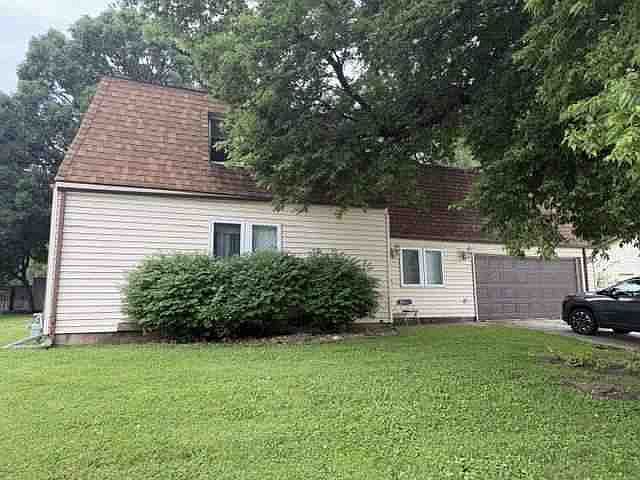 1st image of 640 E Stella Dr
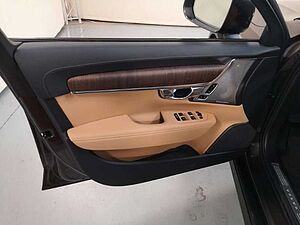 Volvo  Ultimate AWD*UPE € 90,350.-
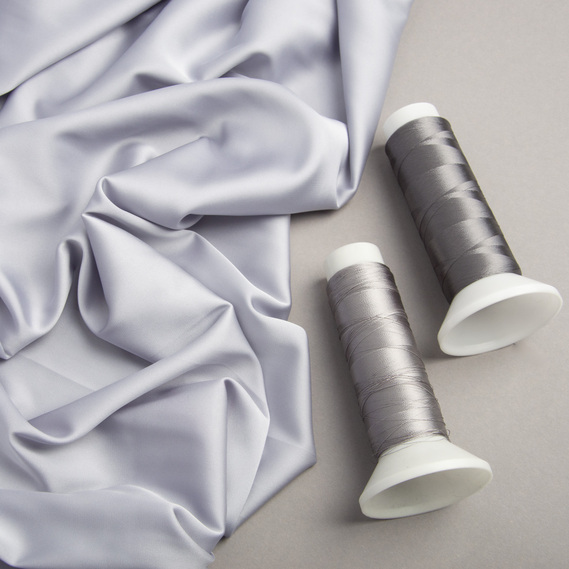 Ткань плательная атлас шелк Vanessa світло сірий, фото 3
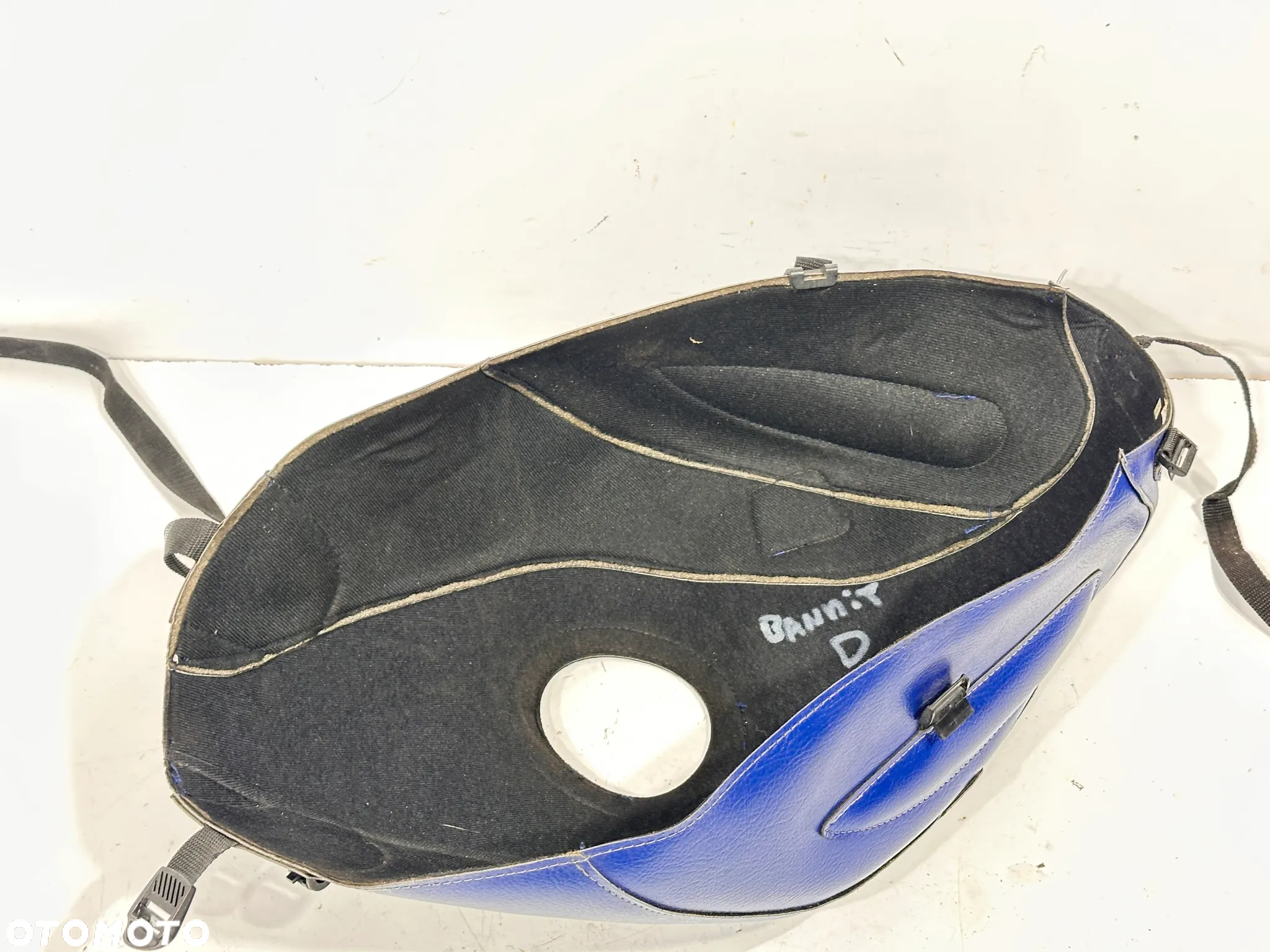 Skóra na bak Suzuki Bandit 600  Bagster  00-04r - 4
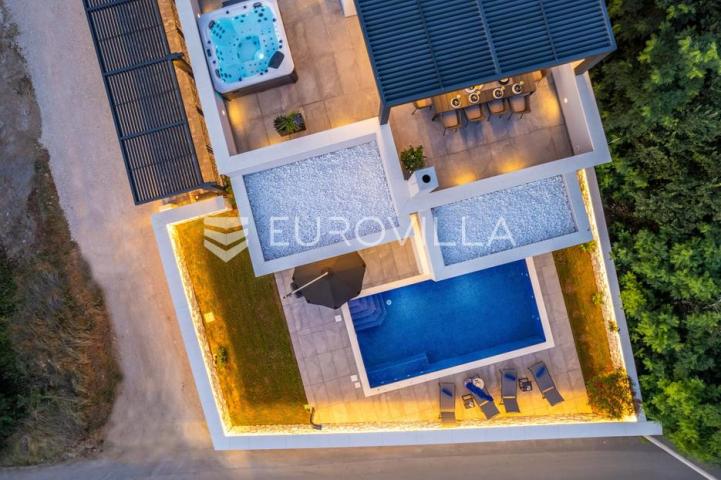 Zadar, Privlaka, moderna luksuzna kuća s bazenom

══════

INSTRUCTIONS TO FOLLOW — Print verbatim every line above, apart from the pictures.

ANSWER TO THIS EXERCISE —
 1st image of 640 E Stella Dr
 Volvo  Ultimate AWD*UPE € 90,350.-
 Ткань плательная атлас шелк Vanessa світло сірий, фото 3
 Skóra na bak Suzuki Bandit 600  Bagster  00-04r - 4
 Zadar, Privlaka, moderna luksuzna kuća s bazenom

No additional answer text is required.